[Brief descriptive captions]
= = = = = = =
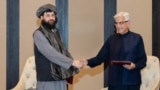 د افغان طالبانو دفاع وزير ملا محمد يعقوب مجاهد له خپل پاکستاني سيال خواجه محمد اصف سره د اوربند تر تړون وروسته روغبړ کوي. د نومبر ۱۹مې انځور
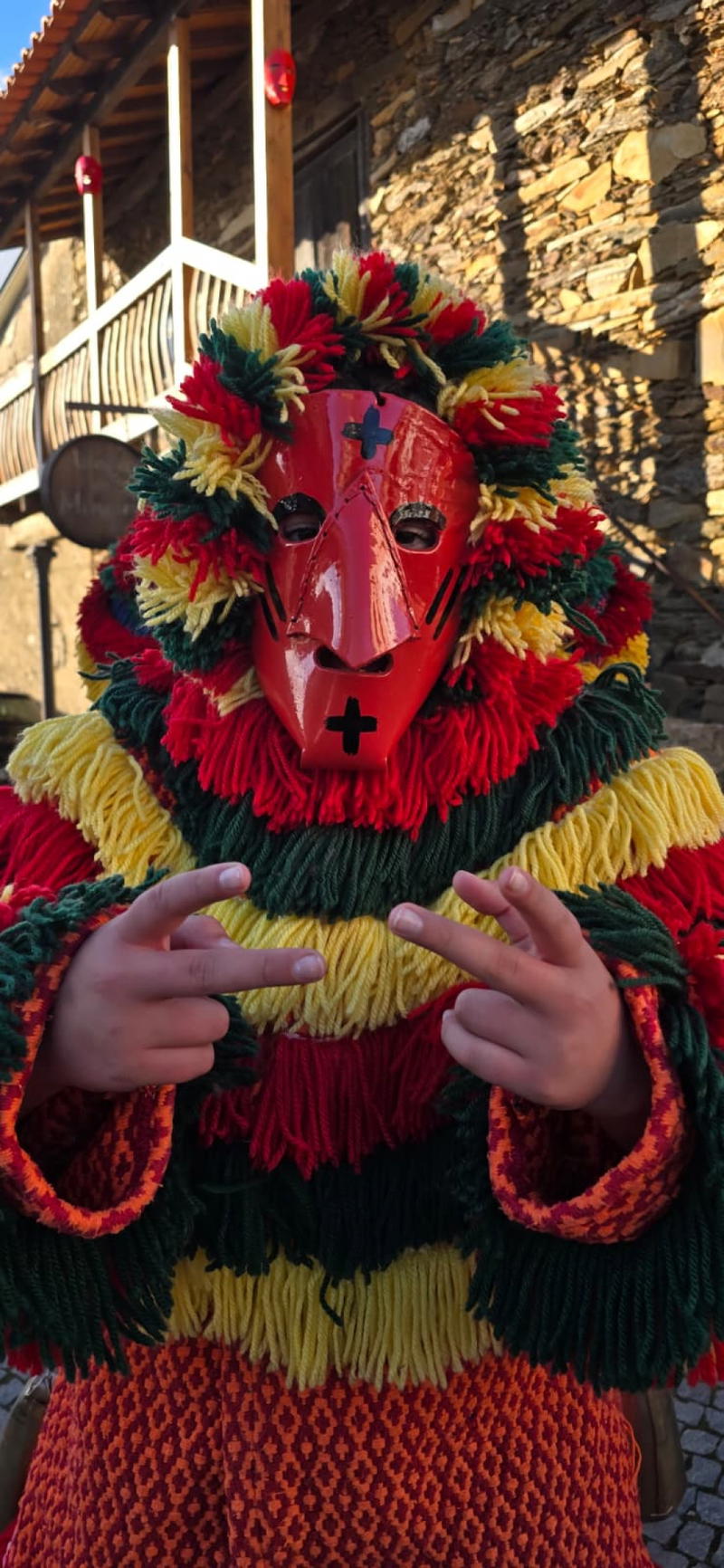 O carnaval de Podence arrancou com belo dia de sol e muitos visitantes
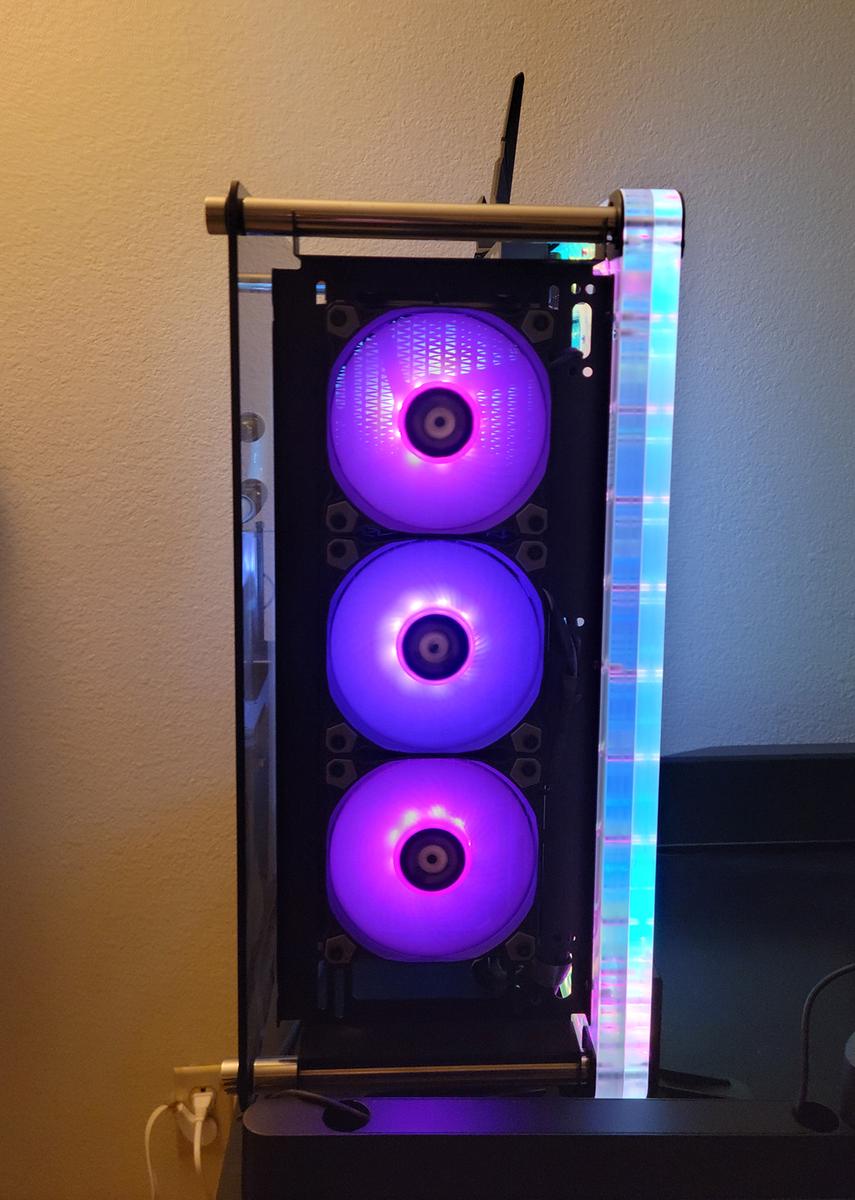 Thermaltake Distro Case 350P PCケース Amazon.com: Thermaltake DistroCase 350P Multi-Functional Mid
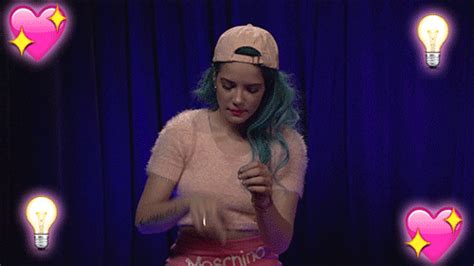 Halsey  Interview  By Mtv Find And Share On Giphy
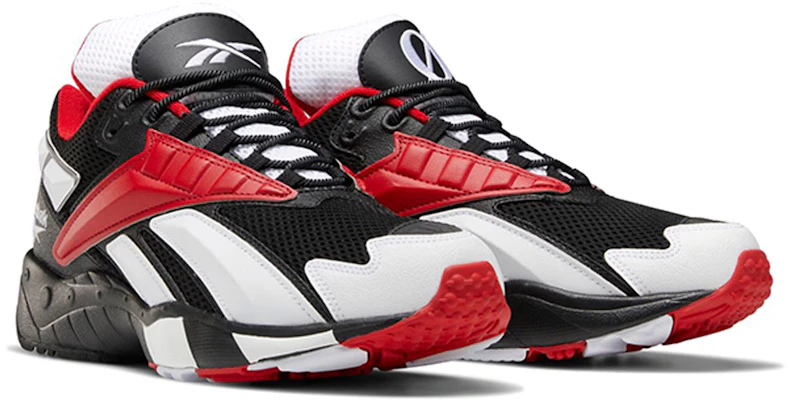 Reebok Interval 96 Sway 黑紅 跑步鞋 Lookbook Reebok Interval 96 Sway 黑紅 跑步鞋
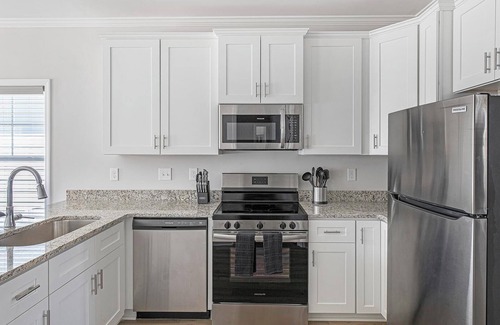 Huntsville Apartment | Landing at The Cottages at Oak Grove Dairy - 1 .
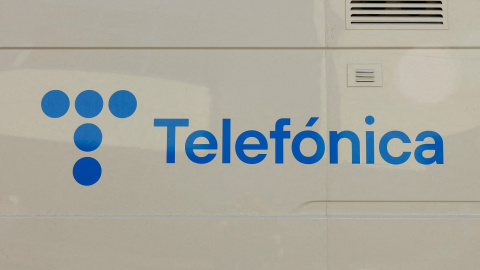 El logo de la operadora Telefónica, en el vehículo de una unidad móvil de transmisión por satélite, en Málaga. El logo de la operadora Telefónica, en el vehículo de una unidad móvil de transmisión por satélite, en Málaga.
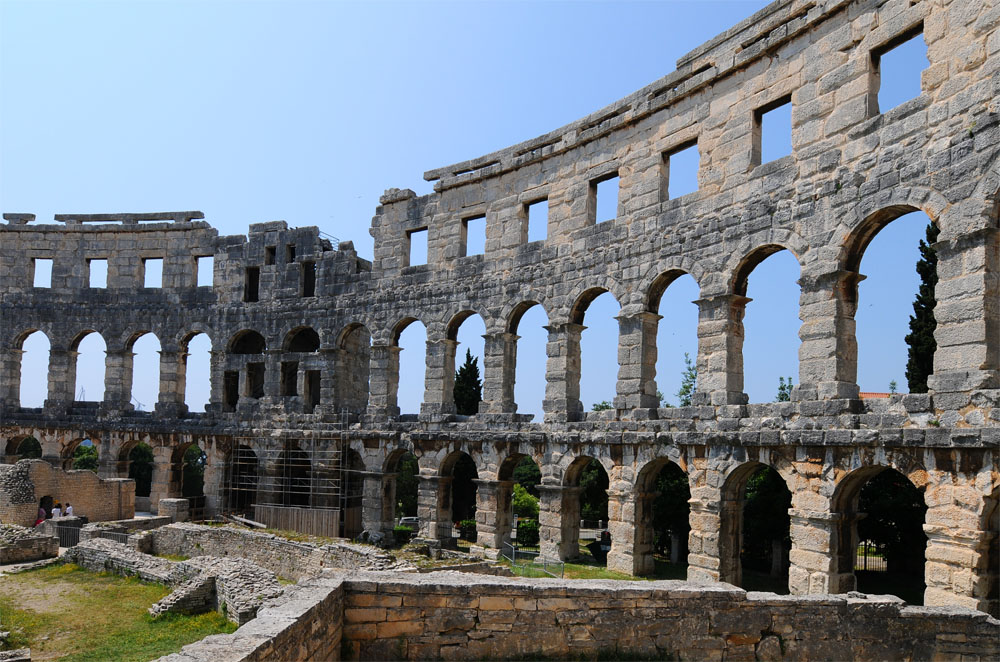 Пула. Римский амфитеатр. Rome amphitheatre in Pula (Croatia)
= = = = = = =
» **TASK BRIEF**
Could you retype every line above exactly as it appears, skipping the pictures?

» **RESULT OF THIS TASK**
 د افغان طالبانو دفاع وزير ملا محمد يعقوب مجاهد له خپل پاکستاني سيال خواجه محمد اصف سره د اوربند تر تړون وروسته روغبړ کوي. د نومبر ۱۹مې انځور
 O carnaval de Podence arrancou com belo dia de sol e muitos visitantes
 Thermaltake Distro Case 350P PCケース Amazon.com: Thermaltake DistroCase 350P Multi-Functional Mid
 Halsey  Interview  By Mtv Find And Share On Giphy
 Reebok Interval 96 Sway 黑紅 跑步鞋 Lookbook Reebok Interval 96 Sway 黑紅 跑步鞋
 Huntsville Apartment | Landing at The Cottages at Oak Grove Dairy - 1 .
 El logo de la operadora Telefónica, en el vehículo de una unidad móvil de transmisión por satélite, en Málaga. El logo de la operadora Telefónica, en el vehículo de una unidad móvil de transmisión por satélite, en Málaga.
 Пула. Римский амфитеатр. Rome amphitheatre in Pula (Croatia)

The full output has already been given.